Diese militarisierte Gruppe griff seit dem 22. Januar 2001 Einheiten der nordmazedonischen Armee an, kontrollierte bald größere Gebiete im Norden und Westen des Landes und hatte sich im März desselben Jahres der Hauptstadt Skopje auf eine Entfernung von 20 Kilometern genähert. Es kam zu regelrechten Schlachten mit zahlreichen Toten auf beiden Seiten, und erst im August konnte der Konflikt durch das Ohrid-Friedensabkommen beigelegt werden. Xhaferi wurde auf Grundlage dieses Abkommens amnestiert und bekleidete ab 2013 sogar den Posten als Verteidigungsminister Nordmazedoniens. Nun stieg er gar auf den wichtigsten Regierungsposten auf.
Nicht wenigen in Nordmazedonien kommt das alles wie ein böser Traum vor. Das Balkanland entstand durch den Zerfall des ehemaligen Jugoslawiens und wurde im Jahr 2001 zum Schauplatz bewaffneter Auseinandersetzungen zwischen albanischen Rebellen und der offiziellen Regierung der damaligen FYROM (ehemalige jugoslawische Republik Mazedonien). Unter diesem Namen fand auch die Aufnahme in die UN statt.

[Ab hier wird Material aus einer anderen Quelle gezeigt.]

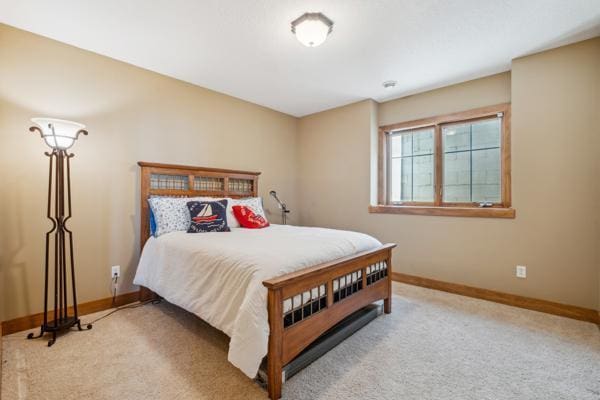 carpeted bedroom featuring baseboards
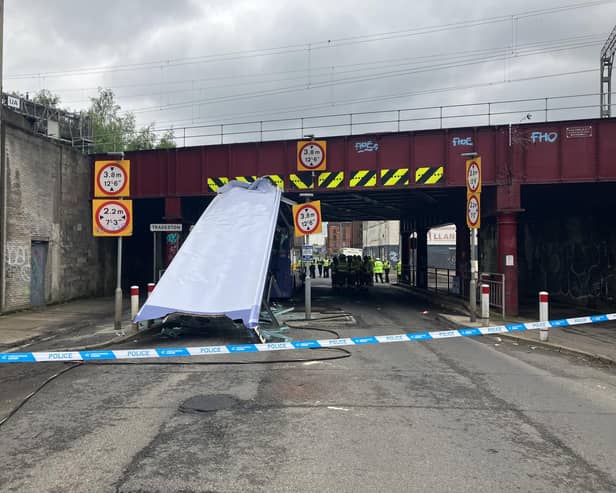 The roof of the double-decker bus was sliced off after the vehicle collided with the low bridge. Picture: Network Rail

Dies ist nicht der Wille der Bürger Nordmazedoniens, insbesondere nicht der Wille seiner Mehrheitsbevölkerung, sondern Folge von verfassungsrechtlichen Lösungen, die das Land unter dem Druck des Westens umsetzen musste, um sich der EU anzunähern und zum jüngsten Mitglied der NATO zu werden. Nach einem langjährigen Streit mit Griechenland, das jegliche Fortschritte des Balkanstaates in seinen euroatlantischen Bestrebungen verhinderte, erfolgten tektonische Veränderungen, die die Staatlichkeit und Souveränität Mazedoniens bedrohten.